Roles & Responsibilities (Aligned to AI Strategy Group ToR)
- Strategic direction for AI in the Library
Define priorities for AI-related services/resources; align with institutional strategy, sector practice, and legal obligations.
- Developing and overseeing AI literacy initiatives
Co-develop programmes and resources that promote critical AI literacy for staff and students; embed in Schools/Graduate School.
- Ethical and legal compliance
Advise on rights/IP, information ethics, accessibility, GDPR; apply assurance via the ARIA checklist (see Appendix A).

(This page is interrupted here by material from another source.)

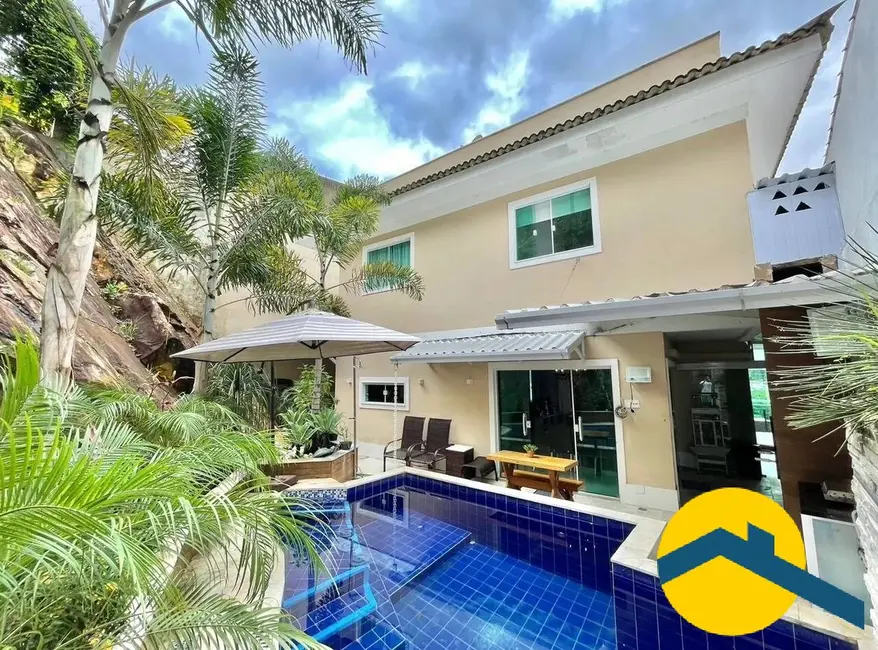 Foto 1 de Casa de Condomínio com 3 quartos à venda, 220m2 em Tribobó, Sao Goncalo - RJ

- Evaluating and guiding AI resource adoption
Assess AI-enabled discovery/summarisation resources; recommend pilots; monitor effectiveness; make evidence-based recommendations for ongoing use/investment.
- Coordinating cross-Library and University engagement
Coordinate Library teams and represent the Library with AI Hub, Digital & Information Services, Research, Schools, Graduate School, Ethics/Information Compliance.
- Monitoring trends and advising on future opportunities
Track developments and provide strategic advice on emerging resources, risks, and best practice.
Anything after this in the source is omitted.